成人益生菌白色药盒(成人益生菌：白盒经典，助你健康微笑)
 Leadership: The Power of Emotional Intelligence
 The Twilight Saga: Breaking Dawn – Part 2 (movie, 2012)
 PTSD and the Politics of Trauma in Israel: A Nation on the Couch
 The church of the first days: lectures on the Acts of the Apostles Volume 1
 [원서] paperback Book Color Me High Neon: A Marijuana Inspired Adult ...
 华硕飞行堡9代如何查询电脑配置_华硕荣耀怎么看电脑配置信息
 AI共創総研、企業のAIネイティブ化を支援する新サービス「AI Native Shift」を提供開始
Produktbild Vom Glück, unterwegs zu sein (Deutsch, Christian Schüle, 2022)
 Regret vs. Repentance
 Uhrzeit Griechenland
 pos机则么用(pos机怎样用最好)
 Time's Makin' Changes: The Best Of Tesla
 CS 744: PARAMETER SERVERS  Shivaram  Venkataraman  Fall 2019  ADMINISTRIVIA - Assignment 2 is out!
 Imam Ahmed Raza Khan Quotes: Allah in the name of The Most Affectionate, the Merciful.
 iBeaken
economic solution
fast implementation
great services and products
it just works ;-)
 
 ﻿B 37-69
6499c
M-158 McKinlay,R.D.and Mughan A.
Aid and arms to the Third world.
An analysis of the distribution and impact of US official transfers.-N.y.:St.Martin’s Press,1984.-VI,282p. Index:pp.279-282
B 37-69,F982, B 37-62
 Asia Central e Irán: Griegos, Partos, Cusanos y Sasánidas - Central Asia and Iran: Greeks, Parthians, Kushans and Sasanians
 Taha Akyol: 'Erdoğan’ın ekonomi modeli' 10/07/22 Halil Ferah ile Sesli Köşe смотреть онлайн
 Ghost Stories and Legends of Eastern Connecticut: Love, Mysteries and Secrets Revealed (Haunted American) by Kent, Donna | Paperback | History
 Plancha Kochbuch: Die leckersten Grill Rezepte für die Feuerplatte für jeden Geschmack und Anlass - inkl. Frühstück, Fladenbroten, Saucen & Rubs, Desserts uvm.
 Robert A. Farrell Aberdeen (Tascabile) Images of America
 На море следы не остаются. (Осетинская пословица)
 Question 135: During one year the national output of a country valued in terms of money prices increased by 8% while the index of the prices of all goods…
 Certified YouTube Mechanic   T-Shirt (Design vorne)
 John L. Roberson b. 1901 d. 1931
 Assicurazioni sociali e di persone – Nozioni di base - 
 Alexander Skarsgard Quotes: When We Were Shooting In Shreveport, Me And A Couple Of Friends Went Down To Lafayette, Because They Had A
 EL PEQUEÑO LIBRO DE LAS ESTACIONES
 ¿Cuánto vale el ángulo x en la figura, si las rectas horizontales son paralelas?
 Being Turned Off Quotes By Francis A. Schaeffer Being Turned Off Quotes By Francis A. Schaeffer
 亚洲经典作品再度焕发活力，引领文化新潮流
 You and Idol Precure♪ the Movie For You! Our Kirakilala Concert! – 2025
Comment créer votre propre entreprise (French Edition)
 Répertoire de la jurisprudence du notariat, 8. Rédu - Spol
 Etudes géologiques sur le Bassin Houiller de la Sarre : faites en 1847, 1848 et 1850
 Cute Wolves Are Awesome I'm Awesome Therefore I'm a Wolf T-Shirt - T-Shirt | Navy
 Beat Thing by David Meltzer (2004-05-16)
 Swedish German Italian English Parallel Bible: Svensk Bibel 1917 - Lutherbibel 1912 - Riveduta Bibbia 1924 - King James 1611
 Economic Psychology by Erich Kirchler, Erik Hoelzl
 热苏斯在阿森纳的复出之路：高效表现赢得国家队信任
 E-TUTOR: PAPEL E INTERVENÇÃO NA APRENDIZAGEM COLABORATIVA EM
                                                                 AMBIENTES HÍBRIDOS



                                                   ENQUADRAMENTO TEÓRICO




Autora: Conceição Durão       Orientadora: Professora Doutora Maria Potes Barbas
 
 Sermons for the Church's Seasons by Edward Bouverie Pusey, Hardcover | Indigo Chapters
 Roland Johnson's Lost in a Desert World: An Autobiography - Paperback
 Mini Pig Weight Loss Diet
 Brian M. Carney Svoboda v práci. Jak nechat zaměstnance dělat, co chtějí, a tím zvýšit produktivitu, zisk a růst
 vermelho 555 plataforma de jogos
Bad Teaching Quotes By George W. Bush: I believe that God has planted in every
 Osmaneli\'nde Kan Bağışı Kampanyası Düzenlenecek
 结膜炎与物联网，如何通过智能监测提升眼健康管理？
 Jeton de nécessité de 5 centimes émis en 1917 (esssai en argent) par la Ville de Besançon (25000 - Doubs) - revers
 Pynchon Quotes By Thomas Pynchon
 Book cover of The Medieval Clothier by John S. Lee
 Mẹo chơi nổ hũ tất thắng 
++++
• [What is expected]
For every line of the data above that contains "Shirt", copy that line.

• [Solution]
 Certified YouTube Mechanic   T-Shirt (Design vorne)
 Cute Wolves Are Awesome I'm Awesome Therefore I'm a Wolf T-Shirt - T-Shirt | Navy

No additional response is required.